30 aprile 2026, 09:55 Ultimo aggiornamento: 10:02

Villeroy, attuale governatore francese che siede nel board della Bce, lascia in anticipo a giugno. Sullo sfondo, le elezioni presidenziali francesi del 2027 e la possibile vittoria di Marine Le Pen

Il capo di gabinetto di Emmanuel Macron lascerà l’incarico la prossima settimana, una mossa da cui gli osservatori politici deducono che il presidente francese stia per nominare un suo stretto alleato alla guida della banca centrale.

Via dal 4 maggio

Secondo quanto riportato nella Gazzetta ufficiale francese, pubblicata giovedì, Emmanuel Moulin sarà sostituito il 4 maggio da Pierre-André Imbert. Questo fatto lo libera per poter subentrare a François Villeroy de Galhau, governatore uscente della Banque de France, a partire da giugno — un’ipotesi su cui i media francesi speculano da settimane.

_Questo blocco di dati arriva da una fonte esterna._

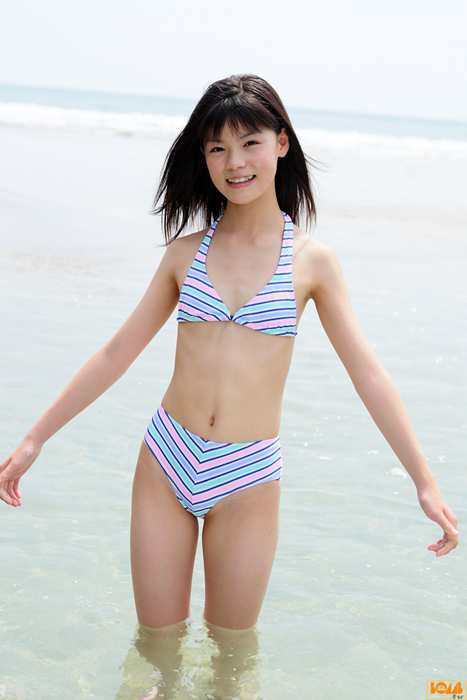 Bomb.TV写真ID0156 2007.11 Mikako Tabe 多部未華子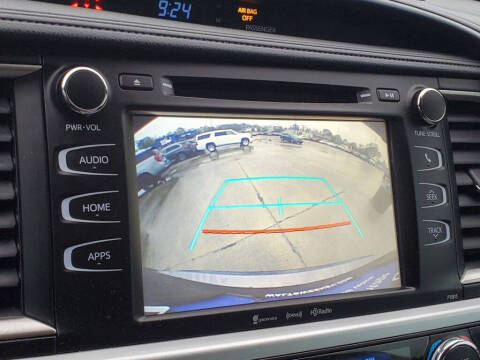 2019 Toyota Highlander LE Plus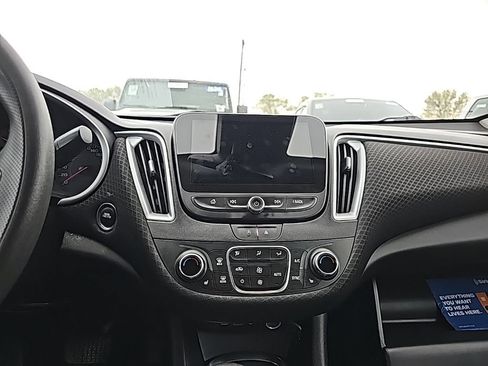 Used 2023 Chevrolet Malibu LT image 6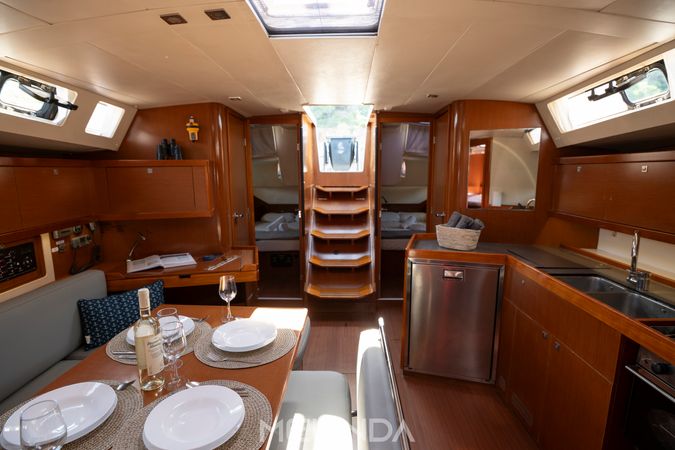 Beneteau Oceanis 45 | Melinda
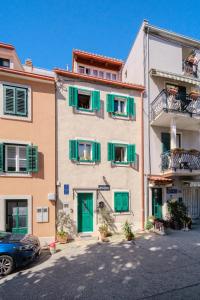 Central Split rooms and apartments Paese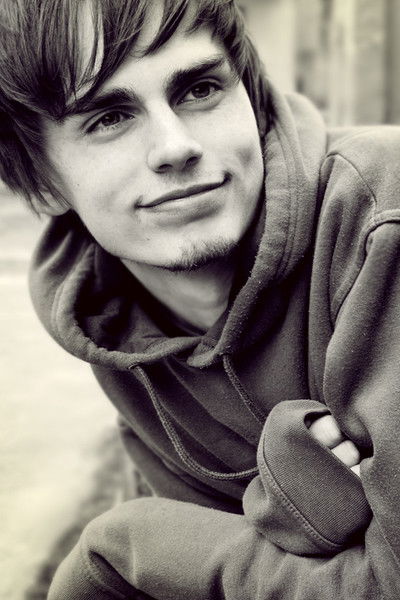 Александр Иванов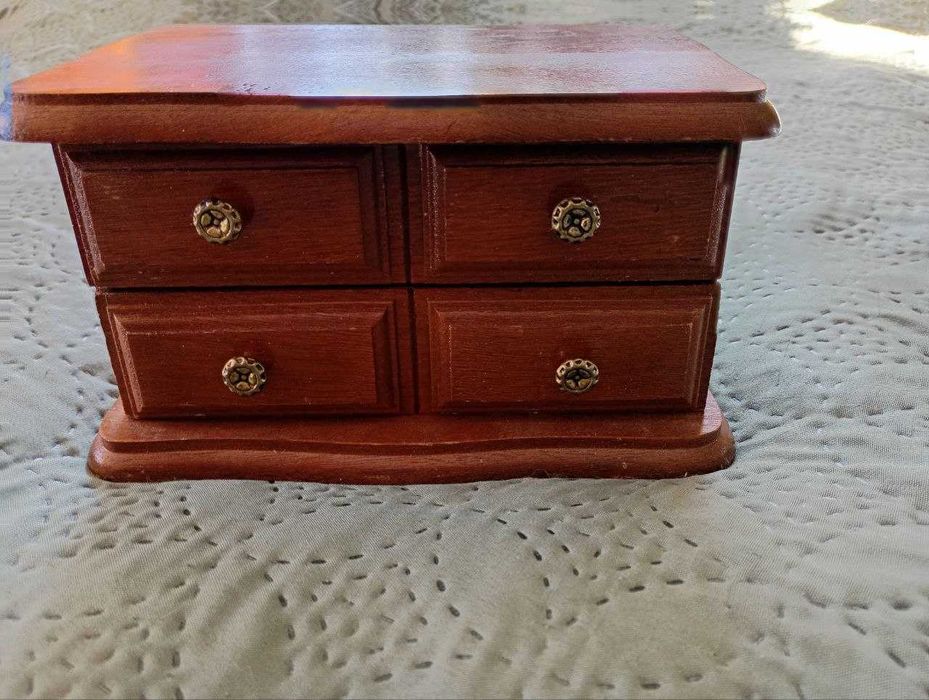 Кутия, малък скрин за бижута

Il cambiamento alla guida di una delle istituzioni più prestigiose e influenti del Paese ha ripercussioni anche oltre Parigi, dato che il ruolo comprende un seggio nel Consiglio direttivo della Banca centrale europea, chiamato a decidere se aumentare i tassi  per far fronte alle conseguenze della guerra tra Stati Uniti e Iran.  Tuttavia, la nomina di Moulin (un ex banchiere di Mediobanca a Parigi) dovrà essere approvata dal parlamento che potrebbe opporsi all’idea che un collaboratore del presidente assuma la guida di una banca centrale.

Una lunga gavetta

I gruppi di opposizione hanno già accusato Macron di collocare fedelissimi in posizioni di potere in vista delle elezioni presidenziali della prossima primavera, alle quali non potrà partecipare dopo aver già coperto due mandati. Una decisione recente ha visto Macron nominare la ministra del Bilancio Amélie de Montchalin, 40 anni, alla guida della Corte dei conti — un incarico permanente che potrà mantenere fino alla pensione.

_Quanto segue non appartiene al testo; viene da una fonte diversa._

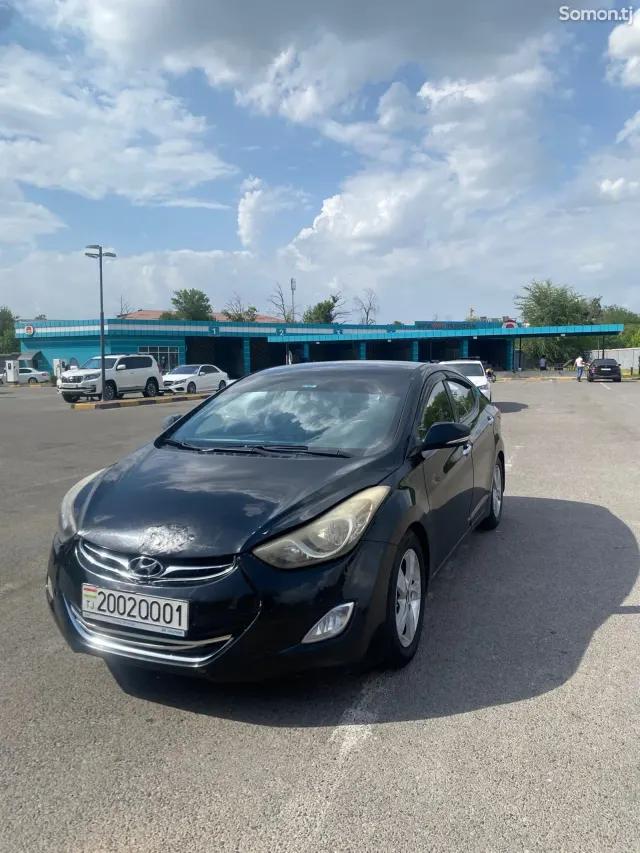 Hyundai Avante 2012 · 1.6 AT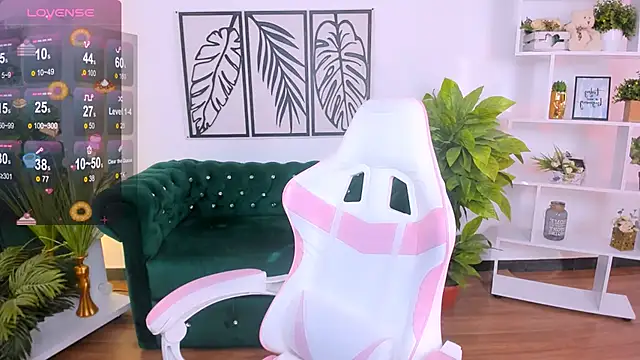 Snapshot of LayriantaVee chatting on February 2025 07:12:02 AM LayriantaVee online show from February 2025 07:12:02 AM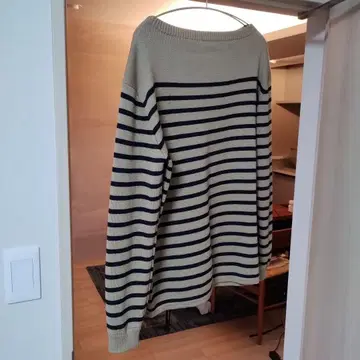 스트라이프 니트 스웨터 베이지 네이비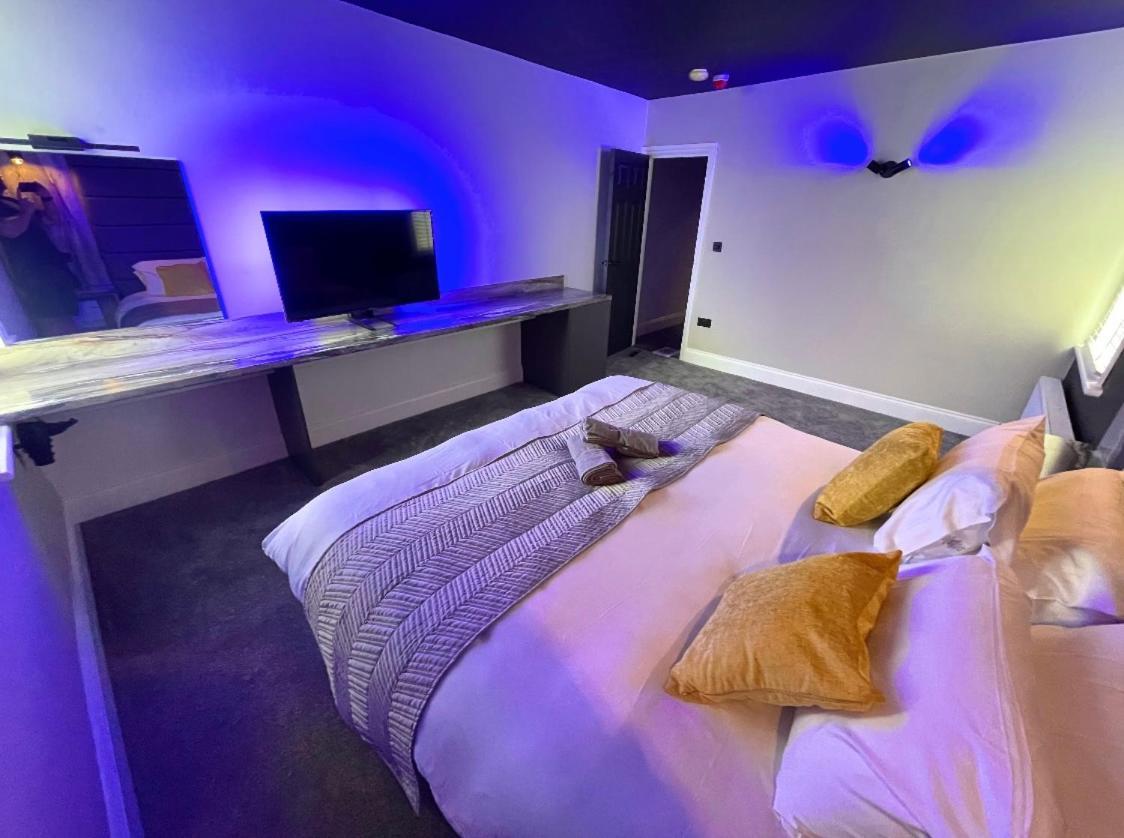 Breeze Suites - Luxury Group Accom - Sleeps 19 Blackpool Esterno foto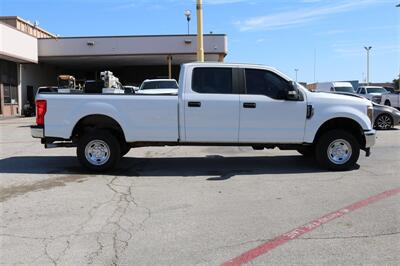 2018 Ford F-250 XL   - Photo 10 - Arlington, TX 76011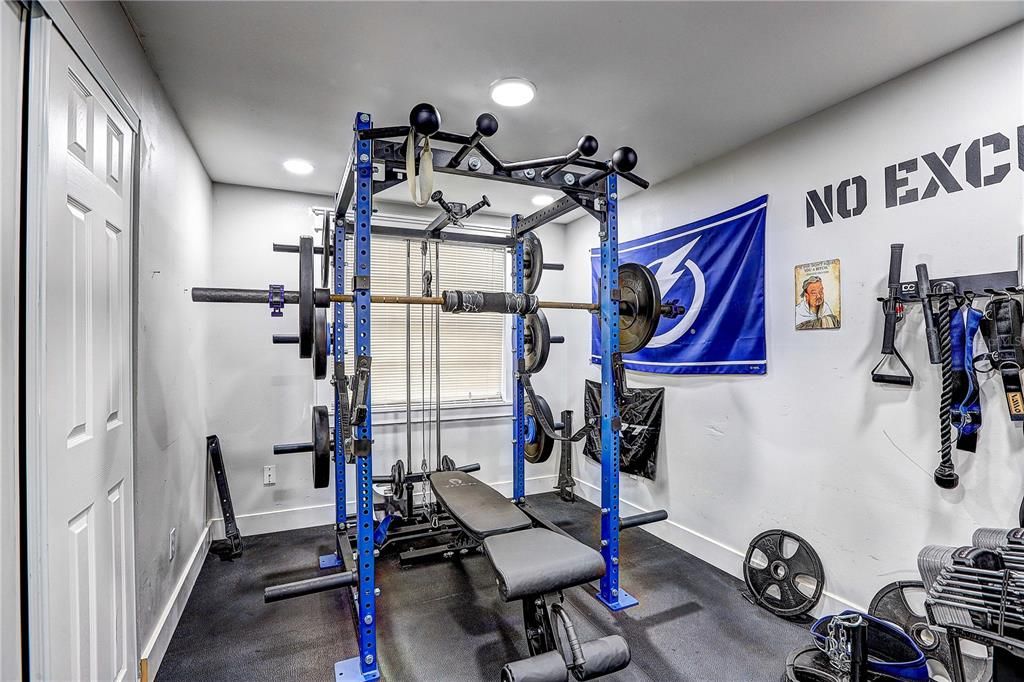 For Sale: $299,900 (3 beds, 1 baths, 1189 Square Feet)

Moulin, 57 anni, è stato una presenza costante nel decennio di Macron al governo. Come capo di gabinetto del ministro delle Finanze Bruno Le Maire nel 2017 è stato uno dei principali artefici delle politiche pro-business che hanno irritato le opposizioni e alimentato le proteste dei gilet gialli contro il caro vita.

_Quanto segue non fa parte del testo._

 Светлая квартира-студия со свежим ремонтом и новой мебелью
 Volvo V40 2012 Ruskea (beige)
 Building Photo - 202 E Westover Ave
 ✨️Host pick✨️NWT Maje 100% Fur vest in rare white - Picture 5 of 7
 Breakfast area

Nel 2020 è passato a un ruolo meno politico, alla guida del Tesoro, dopo aver contribuito a progettare massicci interventi di spesa pubblica e garanzie sui prestiti in risposta al Covid. Nel 2024, poi, Macron lo ha incaricato di guidare il gabinetto del più giovane primo ministro della storia francese, Gabriel Attal. Le elezioni anticipate nello stesso anno hanno però interrotto questa esperienza. Successivamente, Macron ha affidato al suo collaboratore uno dei ruoli più influenti dell’amministrazione, nominandolo capo di gabinetto all’Eliseo nell’aprile 2025.

Il tema dell’opposizione parlamentare

I governatori della Banca di Francia sono nominati con decreto presidenziale. La scelta è però soggetta ad audizioni parlamentari che potrebbero non essere semplici. Il Parlamento può bloccare la decisione del presidente se tre quinti dei voti nelle due commissioni Finanze si esprimono contro il candidato. E’ certo una soglia elevata, ma la nomina di Richard Ferrand alla guida del Consiglio costituzionale è passata lo scorso anno con un solo voto di scarto.

A febbraio, il presidente della commissione Finanze dell’Assemblea nazionale, esponente della sinistra radicale, Eric Coquerel, ha avvertito che Macron dovrebbe scegliere una figura neutrale per la Banque de France. «Non deve esserci dubbio sulla sua indipendenza rispetto al potere esecutivo», ha detto Coquerel. Anche se Moulin dovesse superare l’ostacolo parlamentare, le audizioni pubbliche porterebbero grande attenzione sulla nomina, con il rischio di uno scontro politico.

Marine Le Pen contraria al ritiro pro tempore di Villeroy

La leader dell’estrema destra, Marine Le Pen, ha affermato che le recenti nomine di Macron indicano una «deriva illiberale» e che l’uscita anticipata di Villeroy dalla Banque de France è un segnale del tentativo del presidente uscente di «blindare» le istituzioni. Se il governatore non si fosse dimesso prima del tempo, la nomina del successore sarebbe spettata al vincitore delle prossime elezioni presidenziali, che potrebbe essere lei o il suo protetto Jordan Bardella.

Villeroy, dal canto suo, lascerà l’incarico a giugno per dirigere una fondazione benefica dedicata ai giovani svantaggiati — una scelta che, a suo dire, è puramente personale.

Sul fronte della politica monetaria, Moulin non ha indicato pubblicamente se abbia un orientamento più da colomba o da falco. Macron e i suoi ministri hanno generalmente rispettato la consuetudine di non commentare i tassi, anche se il presidente ha dichiarato a dicembre che la Bce dovrebbe prestare maggiore attenzione alla crescita economica e all’occupazione, oltre che all’inflazione.

Falco o colomba?

Come Macron e tutti i governatori delle banche centrali dagli anni Ottanta, Moulin è diplomato all’École Nationale d’Administration (Ena), la scuola che forma l’élite della pubblica amministrazione. La sua esperienza ai vertici dell’amministrazione francese precede la presidenza Macron: durante la crisi finanziaria del 2008 e quella del debito dell’eurozona, è stato stretto consigliere del presidente Nicolas Sarkozy e di Christine Lagarde, allora ministra delle Finanze.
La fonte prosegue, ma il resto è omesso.